I often find myself introducing a bunch of type parameters to make working with the declared struct faster. For example, I would write

struct Foo{TA, TB}
a::TA 
b::TB 
end

and the only purpose of TA and TB is to make sure Foo is a concrete type. If wrote

struct Foo
a
b
end

this this would not be the case, because field :a and field :b are of type Any.

Is there any way to automatically introduce template parameters for all the fields? Ideally, I would like to be able to write something like

struct Foo
a::Real
b::Integer
end

as a shorthand for

struct Foo{TA<:Real, TB<:Integer}
a::TA 
b::TB 
end

At least for immutable structs I don’t see why a field should ever have a non-concrete type (?)

In summary:

Is there a less verbose way to “concretize” the types of all fields in a struct?
Why does Julia allow abstract field types for immutable structs?

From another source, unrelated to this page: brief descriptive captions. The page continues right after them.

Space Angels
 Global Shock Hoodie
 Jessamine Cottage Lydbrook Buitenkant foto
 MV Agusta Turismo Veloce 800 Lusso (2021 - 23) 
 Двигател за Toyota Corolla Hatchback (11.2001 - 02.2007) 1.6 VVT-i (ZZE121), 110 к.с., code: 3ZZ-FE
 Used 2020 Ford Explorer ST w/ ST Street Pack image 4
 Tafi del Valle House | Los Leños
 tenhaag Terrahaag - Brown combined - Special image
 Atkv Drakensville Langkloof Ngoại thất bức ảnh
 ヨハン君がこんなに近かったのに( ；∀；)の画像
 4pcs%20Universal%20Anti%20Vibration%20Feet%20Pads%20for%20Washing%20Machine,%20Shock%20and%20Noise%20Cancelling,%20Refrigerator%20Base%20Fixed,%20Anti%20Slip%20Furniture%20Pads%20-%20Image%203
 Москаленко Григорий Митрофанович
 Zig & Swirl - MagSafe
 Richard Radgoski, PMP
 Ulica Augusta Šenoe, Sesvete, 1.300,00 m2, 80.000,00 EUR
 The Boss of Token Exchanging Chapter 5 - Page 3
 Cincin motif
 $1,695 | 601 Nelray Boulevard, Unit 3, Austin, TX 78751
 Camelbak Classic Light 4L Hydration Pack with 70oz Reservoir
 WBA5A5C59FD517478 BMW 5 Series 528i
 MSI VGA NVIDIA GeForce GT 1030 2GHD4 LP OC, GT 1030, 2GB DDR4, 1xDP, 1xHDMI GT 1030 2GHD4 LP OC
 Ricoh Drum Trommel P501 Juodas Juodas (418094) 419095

jw3126 · March 17, 2020, 7:51am

This can be implemented in a macro. QuickTypes.jl has it, quoting the readme:

using QuickTypes

@qstruct_fp Plane(nwheels, weight::Number; brand=:zoomba)

jw3126 · March 17, 2020, 8:19am

As for the second question, this can be useful in a couple of situations.

One is, when you want to avoid generating too much code. Then it can make sense to avoid specialization on fields that are irrelevant for performance hot spots.
Another one is, when you want to wrap things that are technically of different type into a single concrete type. Like

struct Predicate
     f
end
(p::Predicate)(x) = p.f(x)::Bool

@assert typeof(Predicate(isfinite)) ==  typeof(Predicate(isnan))